3 S.J. Hearne, E. Chason, J. Han, J.A. Floro, J. Fiegel, J. Hunter, I.S.T. Tsong, “GaN Stress Evolution during MetalOrganic Chemical Vapor Deposition”, Applied Physics Letters 74, 356 (1999)
The slope of the stress*thickness is constant in this region of growth, indicating that the stress in the film is constant. The stress in the film can be determined by dividing the measured stress*thickness by the film thickness to obtain a growth stress of 0.26 GPa. The sign of the curvature indicates that the stress is tensile. This result allows us to know the state of stress of the film during growth at temperature. It eliminates the need to extrapolate over a large temperature range from room temperature measurements, especially difficult when the thermal expansion coefficients are not well known.

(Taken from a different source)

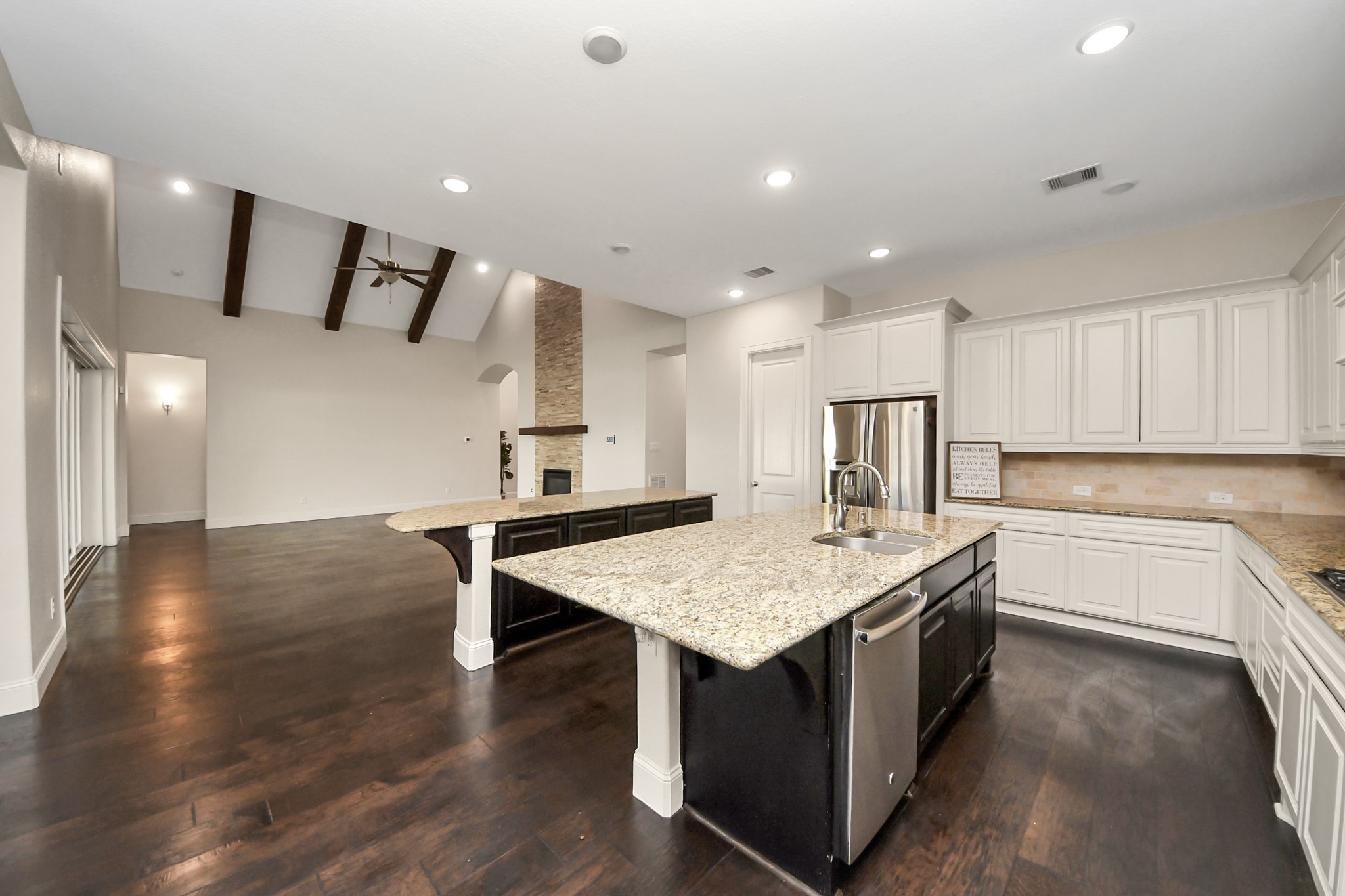 9814 Carver Drive Rosharon, TX 77583 - Photo 7 of 34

In addition to measuring the actual stress during growth, MOS can determine the critical thickness at which stress starts to relax. For brittle, tensile films such as GaN, this corresponds to the onset of crack formation. MOS measurements of the onset of cracking are shown in figure 6. In this case, a high-temperature layer of GaN, 0.7 mm thick, is grown first. At the vertical line indicated in the figure, the growth of Al0.17Ga0.83N is initiated. The slope of the measured stress*thickness increases during the Al0.17Ga0.83N growth indicating that this layer has a tensile stress of 1.33 GPa, significantly higher than the stress in the GaN layer. After 0.63 mm of Al0.17Ga0.83N deposition, there is a sudden decrease in the measured stress*thickness, corresponding to the onset of crack formation. Determining when cracks begin to form by ex-situ characterization methods would require the growth of many samples. Using MOS, the critical thickness can be determined during a single growth run, making it possible to explore a much larger range of deposition parameters.